Il bilancio è senz’altro positivo anche se con un po’ di fatica, perché ci sono stati diversi problemi. Uno di questi – e ci stiamo mettendo mano - riguarda la preparazione dell’assemblaggio di ITER, un’operazione particolarmente complessa. Un’altra criticità riguarda l’organizzazione del progetto, su cui è stato necessario intervenire, ma adesso mi sembra che stiamo reagendo bene alle difficoltà. Quindi non mi lamento dei risultati.
Quali sono le maggiori sfide in questa fase?
Stiamo attraversando una fase critica che riguarda la preparazione di un nuovo programma e una nuova scaletta dei tempi di assemblaggio. Un altro tema di rilievo riguarda la relazione con l’autorità di sicurezza: quando sono arrivato ho trovato una situazione molto critica ma adesso abbiamo impostato un nuovo rapporto, totalmente diverso, basato sulla massima trasparenza. Così possiamo muoverci con più agilità e trovare soluzioni per l'assemblaggio, risolvendo i problemi da affrontare, nello specifico il montaggio del Vacuum Vessel, la camera toroidale entro la quale sarà confinato il plasma della reazione di fusione, che è la nostra sfida numero 1.
Nel “cantiere” di ITER lavorano centinaia di scienziati e ricercatori dell’Unione europea, più Svizzera, Cina, Corea del Sud, Giappone, India, Russia e USA. Le recenti tensioni geopolitiche hanno in qualche modo influenzato l’andamento dei lavori?

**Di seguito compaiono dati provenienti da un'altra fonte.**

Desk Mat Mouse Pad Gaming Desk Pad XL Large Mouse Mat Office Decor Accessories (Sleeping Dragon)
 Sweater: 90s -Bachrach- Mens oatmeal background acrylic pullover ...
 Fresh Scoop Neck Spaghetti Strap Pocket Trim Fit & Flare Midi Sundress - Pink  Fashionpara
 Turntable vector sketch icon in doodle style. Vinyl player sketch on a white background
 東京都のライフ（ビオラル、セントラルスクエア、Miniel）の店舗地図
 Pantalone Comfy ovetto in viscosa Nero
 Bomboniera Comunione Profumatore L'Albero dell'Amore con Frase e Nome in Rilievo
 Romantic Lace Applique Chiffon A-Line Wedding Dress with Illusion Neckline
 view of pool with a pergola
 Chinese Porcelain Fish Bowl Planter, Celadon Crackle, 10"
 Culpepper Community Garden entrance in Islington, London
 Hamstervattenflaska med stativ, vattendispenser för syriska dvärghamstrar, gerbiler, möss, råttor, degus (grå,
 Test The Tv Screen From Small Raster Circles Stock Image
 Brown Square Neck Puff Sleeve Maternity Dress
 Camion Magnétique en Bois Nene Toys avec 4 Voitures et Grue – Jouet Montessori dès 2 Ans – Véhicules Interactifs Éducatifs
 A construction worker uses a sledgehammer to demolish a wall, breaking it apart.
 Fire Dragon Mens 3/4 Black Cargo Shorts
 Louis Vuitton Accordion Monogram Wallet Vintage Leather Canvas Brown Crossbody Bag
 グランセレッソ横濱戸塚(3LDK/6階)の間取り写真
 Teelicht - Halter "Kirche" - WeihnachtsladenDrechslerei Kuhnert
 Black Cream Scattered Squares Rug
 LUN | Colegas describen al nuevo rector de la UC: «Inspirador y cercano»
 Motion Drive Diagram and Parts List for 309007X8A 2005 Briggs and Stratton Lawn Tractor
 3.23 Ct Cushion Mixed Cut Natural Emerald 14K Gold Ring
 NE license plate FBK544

La scienza è più forte delle tensioni internazionali. E il caso di ITER lo dimostra, perché non si tratta solo di un progetto scientifico, ma di un esempio di collaborazione fra scienziati e ingegneri che, fortunatamente, lasciano il loro passaporto all'ingresso. Siamo una grande famiglia e non mi riferisco solo al team molto coeso che opera a Cadarache, ma in generale all'intero progetto. Certo, possono esserci frizioni fra persone ma le eventuali diversità di vedute per motivi tecnici non c’entrano niente con le tensioni geopolitiche al di fuori del progetto. ITER, quindi, è un buon esempio per tutti.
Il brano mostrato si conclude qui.